You must enable debugging in two places. In PGAdmin and the database itself. This article that you referred to does a great job of this, but there are some nuances.
PGAdmin
When updating your postgresql.conf file to load the debug library, I ran PGAdmin on Windows , so the file was here:
C:\Program Files\PostgreSQL\9.4\data\postgresql.conf
And the path to plugin_debugger.dll was actually
$libdir/plugin_debugger.dll
not
$libdir/plugins/plugin_debugger.dll
as stated in the article. So your postgresql.conf needs a line like this
shared_preload_libraries = '$libdir/plugin_debugger.dll'
Find the actual .dll if in doubt. If you are on Linux, the file you are looking for is plugin_debugger.so . Remember that changing the postgresql.conf file will require a reboot for the changes to take effect.
PostgreSQL Database
Assuming you are using your PostgreSQL database on a Linux server, this method does an excellent job of explaining how to load dependencies to enable debugging. Make sure you use root during installation.

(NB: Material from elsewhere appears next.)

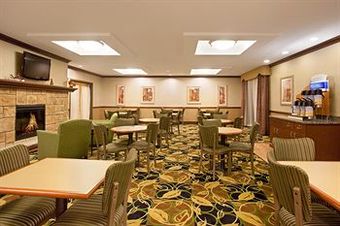 Hotel Holiday Inn Express Peru-lasalle Area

The easy-to-skip part issues a command against the actual database that you want to debug. For newer versions on PostgreSQL, all you need to do is the following:
CREATE EXTENSION IF NOT EXISTS pldbgapi;
If this does not return an error, you should be good to go.
Some noteworthy notes:
- As mentioned above, you can only debug when working as a superuser account.
- From your documents, you can only debug pl / pgsql functions. Therefore, if your function says something like
LANGUAGE c PGAdmin, it will not even display the Debug option with the right mouse button when selecting a function. Find something that has LANGUAGE plpgsql and the Debug menu should show.